*** The data

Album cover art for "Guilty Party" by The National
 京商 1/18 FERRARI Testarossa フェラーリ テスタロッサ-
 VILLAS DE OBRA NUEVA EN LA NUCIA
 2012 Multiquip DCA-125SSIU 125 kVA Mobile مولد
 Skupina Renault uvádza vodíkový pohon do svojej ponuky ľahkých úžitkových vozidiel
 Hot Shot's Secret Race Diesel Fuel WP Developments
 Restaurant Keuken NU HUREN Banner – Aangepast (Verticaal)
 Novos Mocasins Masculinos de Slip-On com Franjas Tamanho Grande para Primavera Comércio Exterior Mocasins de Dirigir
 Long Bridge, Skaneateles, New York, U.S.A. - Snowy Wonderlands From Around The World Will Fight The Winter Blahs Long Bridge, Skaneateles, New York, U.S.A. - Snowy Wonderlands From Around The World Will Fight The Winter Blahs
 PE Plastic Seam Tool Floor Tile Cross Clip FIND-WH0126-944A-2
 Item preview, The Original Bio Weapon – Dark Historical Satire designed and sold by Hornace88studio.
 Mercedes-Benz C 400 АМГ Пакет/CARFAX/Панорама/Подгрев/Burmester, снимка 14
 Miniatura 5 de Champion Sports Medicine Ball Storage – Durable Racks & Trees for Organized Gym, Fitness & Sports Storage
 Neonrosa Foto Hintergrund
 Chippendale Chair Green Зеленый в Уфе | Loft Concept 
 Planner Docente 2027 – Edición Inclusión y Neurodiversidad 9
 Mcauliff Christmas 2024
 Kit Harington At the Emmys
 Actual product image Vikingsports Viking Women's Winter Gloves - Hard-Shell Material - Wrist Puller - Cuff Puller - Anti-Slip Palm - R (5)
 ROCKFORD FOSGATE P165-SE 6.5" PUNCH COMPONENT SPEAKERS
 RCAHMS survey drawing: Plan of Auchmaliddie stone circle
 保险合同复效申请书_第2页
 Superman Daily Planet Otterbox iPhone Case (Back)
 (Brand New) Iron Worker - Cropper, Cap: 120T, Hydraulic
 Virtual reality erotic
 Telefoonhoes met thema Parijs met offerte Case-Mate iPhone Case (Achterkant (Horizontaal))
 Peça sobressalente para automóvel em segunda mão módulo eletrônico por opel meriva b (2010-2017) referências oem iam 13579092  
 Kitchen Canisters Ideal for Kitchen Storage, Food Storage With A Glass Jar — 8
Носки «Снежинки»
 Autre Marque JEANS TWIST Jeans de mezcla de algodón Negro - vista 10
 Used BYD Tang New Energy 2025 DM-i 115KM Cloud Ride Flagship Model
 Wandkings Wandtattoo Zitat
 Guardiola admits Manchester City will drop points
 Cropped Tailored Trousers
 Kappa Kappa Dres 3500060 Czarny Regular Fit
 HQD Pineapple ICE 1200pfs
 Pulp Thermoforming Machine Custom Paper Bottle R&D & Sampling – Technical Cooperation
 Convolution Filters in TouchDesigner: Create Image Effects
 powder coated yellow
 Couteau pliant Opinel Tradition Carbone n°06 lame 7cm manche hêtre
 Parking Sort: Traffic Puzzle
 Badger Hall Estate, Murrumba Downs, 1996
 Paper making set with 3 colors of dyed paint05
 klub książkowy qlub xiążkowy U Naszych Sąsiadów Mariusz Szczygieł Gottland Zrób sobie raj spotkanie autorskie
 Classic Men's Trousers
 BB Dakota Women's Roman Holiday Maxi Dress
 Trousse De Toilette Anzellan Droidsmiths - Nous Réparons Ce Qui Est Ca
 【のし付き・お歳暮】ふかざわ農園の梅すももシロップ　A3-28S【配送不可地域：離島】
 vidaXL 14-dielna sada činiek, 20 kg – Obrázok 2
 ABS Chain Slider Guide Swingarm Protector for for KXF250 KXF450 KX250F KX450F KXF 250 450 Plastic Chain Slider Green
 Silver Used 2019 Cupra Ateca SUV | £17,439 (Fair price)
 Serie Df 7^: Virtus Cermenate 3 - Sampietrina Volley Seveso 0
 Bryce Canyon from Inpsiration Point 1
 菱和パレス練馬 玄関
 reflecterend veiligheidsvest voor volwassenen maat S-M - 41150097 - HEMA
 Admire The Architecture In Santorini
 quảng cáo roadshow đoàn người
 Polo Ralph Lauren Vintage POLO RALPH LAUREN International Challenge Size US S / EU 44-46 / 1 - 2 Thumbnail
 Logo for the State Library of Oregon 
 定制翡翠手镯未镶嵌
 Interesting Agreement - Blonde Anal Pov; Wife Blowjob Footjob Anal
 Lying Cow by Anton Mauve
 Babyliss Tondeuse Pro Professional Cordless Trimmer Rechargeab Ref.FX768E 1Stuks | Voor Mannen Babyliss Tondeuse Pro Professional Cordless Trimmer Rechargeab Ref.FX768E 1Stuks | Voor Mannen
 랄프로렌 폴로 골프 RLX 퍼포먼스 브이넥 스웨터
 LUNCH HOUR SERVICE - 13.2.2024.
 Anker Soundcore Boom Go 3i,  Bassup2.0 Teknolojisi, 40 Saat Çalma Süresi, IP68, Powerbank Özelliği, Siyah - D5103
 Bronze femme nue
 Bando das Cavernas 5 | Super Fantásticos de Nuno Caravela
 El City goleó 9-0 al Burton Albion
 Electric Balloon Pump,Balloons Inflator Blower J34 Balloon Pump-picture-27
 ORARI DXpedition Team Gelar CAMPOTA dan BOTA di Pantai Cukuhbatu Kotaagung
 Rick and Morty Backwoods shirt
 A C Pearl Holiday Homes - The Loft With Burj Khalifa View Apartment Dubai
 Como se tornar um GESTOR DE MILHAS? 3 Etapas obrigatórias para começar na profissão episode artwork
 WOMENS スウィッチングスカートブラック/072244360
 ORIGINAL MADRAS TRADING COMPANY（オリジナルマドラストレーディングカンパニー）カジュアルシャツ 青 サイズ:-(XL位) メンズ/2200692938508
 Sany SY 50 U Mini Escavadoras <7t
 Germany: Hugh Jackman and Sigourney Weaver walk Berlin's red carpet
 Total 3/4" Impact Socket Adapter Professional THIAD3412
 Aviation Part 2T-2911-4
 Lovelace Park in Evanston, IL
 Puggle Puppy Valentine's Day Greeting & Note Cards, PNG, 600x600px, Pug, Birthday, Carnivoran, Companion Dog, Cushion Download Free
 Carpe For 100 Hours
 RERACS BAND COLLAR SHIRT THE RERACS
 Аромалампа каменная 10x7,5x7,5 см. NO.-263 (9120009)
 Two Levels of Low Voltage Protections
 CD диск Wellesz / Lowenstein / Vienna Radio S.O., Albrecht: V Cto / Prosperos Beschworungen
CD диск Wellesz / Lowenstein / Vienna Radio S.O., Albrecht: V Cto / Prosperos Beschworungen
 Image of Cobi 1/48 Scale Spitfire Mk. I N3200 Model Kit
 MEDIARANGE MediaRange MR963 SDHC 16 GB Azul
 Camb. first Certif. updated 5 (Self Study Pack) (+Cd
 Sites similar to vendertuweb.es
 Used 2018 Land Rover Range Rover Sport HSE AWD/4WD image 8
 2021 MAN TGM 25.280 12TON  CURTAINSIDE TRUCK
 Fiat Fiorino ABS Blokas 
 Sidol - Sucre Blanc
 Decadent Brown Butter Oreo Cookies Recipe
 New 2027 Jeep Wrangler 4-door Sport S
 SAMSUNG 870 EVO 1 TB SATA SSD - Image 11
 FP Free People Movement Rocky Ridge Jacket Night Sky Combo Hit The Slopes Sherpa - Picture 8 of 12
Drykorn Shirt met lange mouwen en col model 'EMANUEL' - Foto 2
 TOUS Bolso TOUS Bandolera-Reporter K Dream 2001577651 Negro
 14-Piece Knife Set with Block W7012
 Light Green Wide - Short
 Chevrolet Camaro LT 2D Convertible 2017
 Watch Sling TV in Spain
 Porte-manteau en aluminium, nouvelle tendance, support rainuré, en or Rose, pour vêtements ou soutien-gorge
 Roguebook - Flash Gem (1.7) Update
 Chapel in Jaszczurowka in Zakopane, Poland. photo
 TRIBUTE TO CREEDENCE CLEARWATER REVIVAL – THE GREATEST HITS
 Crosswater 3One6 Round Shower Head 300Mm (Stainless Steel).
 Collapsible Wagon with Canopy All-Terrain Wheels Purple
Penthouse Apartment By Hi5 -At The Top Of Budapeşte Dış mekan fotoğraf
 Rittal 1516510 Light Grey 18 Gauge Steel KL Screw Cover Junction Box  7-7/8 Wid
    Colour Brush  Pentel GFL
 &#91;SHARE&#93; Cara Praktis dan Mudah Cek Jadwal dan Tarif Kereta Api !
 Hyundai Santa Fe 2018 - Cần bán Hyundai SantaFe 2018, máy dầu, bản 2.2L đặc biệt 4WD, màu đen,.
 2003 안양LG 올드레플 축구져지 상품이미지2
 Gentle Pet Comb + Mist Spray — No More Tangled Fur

******

#### Task brief:
Could you restate word for word the lines above from the one containing "Guardiola admits Manchester" through the one containing "quảng cáo roadshow đoàn người", both included, and nothing else?

#### Exercise output:
 Guardiola admits Manchester City will drop points
 Cropped Tailored Trousers
 Kappa Kappa Dres 3500060 Czarny Regular Fit
 HQD Pineapple ICE 1200pfs
 Pulp Thermoforming Machine Custom Paper Bottle R&D & Sampling – Technical Cooperation
 Convolution Filters in TouchDesigner: Create Image Effects
 powder coated yellow
 Couteau pliant Opinel Tradition Carbone n°06 lame 7cm manche hêtre
 Parking Sort: Traffic Puzzle
 Badger Hall Estate, Murrumba Downs, 1996
 Paper making set with 3 colors of dyed paint05
 klub książkowy qlub xiążkowy U Naszych Sąsiadów Mariusz Szczygieł Gottland Zrób sobie raj spotkanie autorskie
 Classic Men's Trousers
 BB Dakota Women's Roman Holiday Maxi Dress
 Trousse De Toilette Anzellan Droidsmiths - Nous Réparons Ce Qui Est Ca
 【のし付き・お歳暮】ふかざわ農園の梅すももシロップ　A3-28S【配送不可地域：離島】
 vidaXL 14-dielna sada činiek, 20 kg – Obrázok 2
 ABS Chain Slider Guide Swingarm Protector for for KXF250 KXF450 KX250F KX450F KXF 250 450 Plastic Chain Slider Green
 Silver Used 2019 Cupra Ateca SUV | £17,439 (Fair price)
 Serie Df 7^: Virtus Cermenate 3 - Sampietrina Volley Seveso 0
 Bryce Canyon from Inpsiration Point 1
 菱和パレス練馬 玄関
 reflecterend veiligheidsvest voor volwassenen maat S-M - 41150097 - HEMA
 Admire The Architecture In Santorini
 quảng cáo roadshow đoàn người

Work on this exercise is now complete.